Karson will perform during the APME weeklong celebration. The budding musician is just one who owes a debt to a Porter. Browning said, “The musicians who take part [in A Work of Art] donate their time and talent. So many of them knew Art Jr. and Dad. They’ve said they’re honored to be a part. ‘We sat at your father’s feet … he mentored us. We owe him thanks, and because of Art Jr. so many of us played in clubs when we were young.’”
During the APME’s first tenure, they awarded scholarships to five college-bound students. Monies raised last year and this will build that fund, and Browning said they plan to resume the awards next year. “We hope to give more scholarships in larger amounts. That’s our purpose … to carry out Dad’s dream, so the more we give, the happier we’ll be.”

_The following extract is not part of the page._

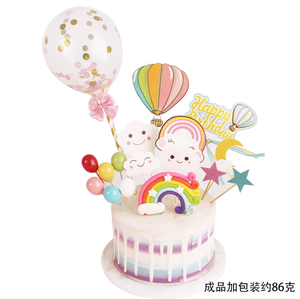 ชุดตกแต่งเค้กวันเกิดแบบพัดลมพับได้ ลูกโป่ง <span class=keywords><strong>ล้อ</strong></span>ลม ชุดตกแต่งเค้กสุขสันต์วันเกิด สำหรับตกแต่งงานปาร์ตี้ - Product Image 6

For more information log onto artporter.org or visit their Facebook page under Art Porter Music Education.
Events during A Work of Art 2012
“Minors in Music”
Noon, July 30
Little Rock City Hall
Art Porter Music Institute participants, including Karson Bone, perform.
“Noonday Jazz with Minors in Music”
Noon, July 31
Metropolitan Bank Plaza
Art Porter Music Institute participants perform.
“A Jazz Reunion with James Leary”
7 p.m., 9 p.m., Aug. 1
Concert featuring James Leary, bassist, Count Basie Band, local musicians and Central High All-Region Jazz Band bassist Kaleb Greene; $20 per person.
“Porter Players Jam Session”
7 p.m., Aug. 2
Local musicians pay tribute to the “Arts”; free admission.
“Keys on the River featuring Alex Bugnon”
6 p.m., 9 p.m. Aug. 3
The House Band will open and at 9 p.m., renowned pianist and composer Alex Bugnon will be the featured artist playing with local and regional musicians; $25 per person.
“A Jazzy Affair featuring Will Downing”
7 p.m., Aug. 4
Clear Channel Metroplex
Evening includes opening act Fingerprints with special guest violinist Lexington Porter and concert with famed jazz and R&B vocalist Will Downing.